By Roman Marshanski & Vitali Kremez
Key Points
BazarBackdoor is the newer preferred stealthy covert malware leveraged for high-value targets part of the TrickBot group toolkit arsenal. It consists of two components: a loader and a backdoor.
The Bazar malware group pursues stealthiness via malware signing and only initially loading minimal malware functionality. Such an approach improves the malware chance of long-term persistence inside the most secure networks.
Just like professional penetration testers, the crime group behind the BazarBackdoor employs legitimate penetration software kit Cobalt Strike for post-exploitation for enumerating and harvesting credentials for network hosts and active directory, uploading third-party software like "Lasagne" and "BloodHound" as well pivoting inside the network domain executing Ryuk ransomware.
Advanced Intelligence experts include the relevant defense and hunting mechanisms such as the YARA signature for BazarBackdoor detection.
BazarBackdoor is the newer preferred stealthy covert malware leveraged for high-value targets part of the TrickBot group toolkit arsenal. It consists of two components: a loader and a backdoor. [1]
Loaders are an essential part of any cybercrime campaign. They start the infection chain by distributing the payload. In essence, they deploy and execute the backdoor from the command-and-control (C2) layer and plant it on the victim’s machine. But the reality is far more complicated than that. After all, loaders and backdoors must be able to evade detection by various security mechanisms. And that is where the malware developers’ focus on malware stealthiness comes into play.
Just like professional penetration testers, the crime group behind the BazarBackdoor employs legitimate penetration software kit Cobalt Strike for post-exploitation for enumerating and harvesting credentials for network hosts and active directory, uploading third-party software like Lasagne and BloodHound as well pivoting inside the network domain executing Ryuk ransomware.

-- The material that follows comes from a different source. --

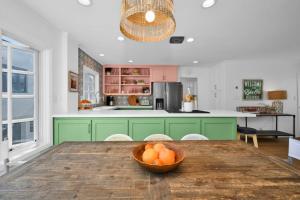 eine Küche mit einem Holztisch mit einer Schüssel Orangen in der Unterkunft Chic Modern Designed Home with Private Studio in Newport Beach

Malware Stealthiness as Key Approach
As we learned from our multiple incident response cases, the BazarLoader's strength lies in its stealthy core component and obfuscation capability. The malware's goal is to plant on the high-value targets and reach the server currently via the proxy and the domain generation algorithm on the EmerDNS domain protocol, searching for .bazar domains and resolving the server via the XOR function of the response IP address.
The malware aimed to be stealthy and only load more advanced functionality via third-party components such as Cobalt Strike beacons. Such stealthiness allows the crime group to maintain persistency on the host even if the third-party software gets detected by anti-virus software.
BazarLoader: Malware Signing
The group behind also takes advantage of certificate signing, evading particular anti-virus and other software products.
The use of certificate authorities is widespread in the cybercriminal world. Historically it was frequently a domain of advanced persistent threat groups (APTs). BazarLoader demonstrates that alarming trend. The usage of certificates exploits the trust of certificate authorities by using both new and revoked certificates.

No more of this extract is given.